Well since this was a premade crust in the pizza kit it was fairly easy... I went 225 and smoked it for about an hour... checked on it and let it go for another 30 or 40 min... crust was perfect (now i was farily intoxicated, so don quote me on those exact times LOL... I would deff check it after and hour, but i am 90% sure i went about a total of 1hr 45min @ 225)... next one will be done w/ a homemade dough... im thinking of putting the dough in the oven on high heat for about 10 min let it cool so it is stiff enough to go right on my grate...


----------



## hdsmoke (Jun 11, 2010)

You mean you tend to drink when you smoke?  I dont believe it! 

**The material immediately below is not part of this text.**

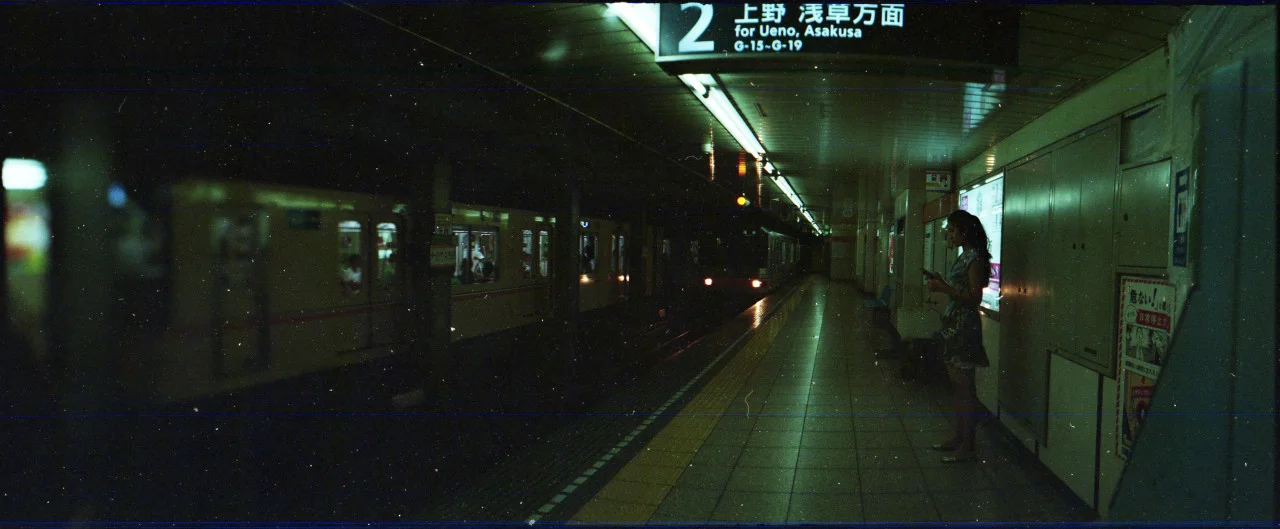 Woman standing on subway platform using her phone, train arriving in the distance, sign indicating platform 2 for Ueno and Asakusa.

Temp was more was what i was wondering.  I wondered if you went all the way up  to oven temp or kept it down at smoking temp.  I have seen it done on here both ways.  I have a WSM and was thinking about doing it either with no water in the pan, or with no pan at all to get it a little hotter to crisp things up.  Oh well...im sure even a test run will taste good!


----------



## smokin relaxin steve (Jun 11, 2010)

LOL!!! Beer & Me... noooooooooo

Yeah it was kind of an experiment... i kept the water pan... and it wanted to do it long enough to get the smoke flavor... Im thinking if i went with a fresh made (non pre-cooked) dough i would have def hit it with a hire (oven-like) temp...

 


HDsmoke said:


> You mean you tend to drink when you smoke?  I dont believe it!
> 
> Temp was more was what i was wondering.  I wondered if you went all the way up  to oven temp or kept it down at smoking temp.  I have seen it done on here both ways.  I have a WSM and was thinking about doing it either with no water in the pan, or with no pan at all to get it a little hotter to crisp things up.  Oh well...im sure even a test run will taste good!


----------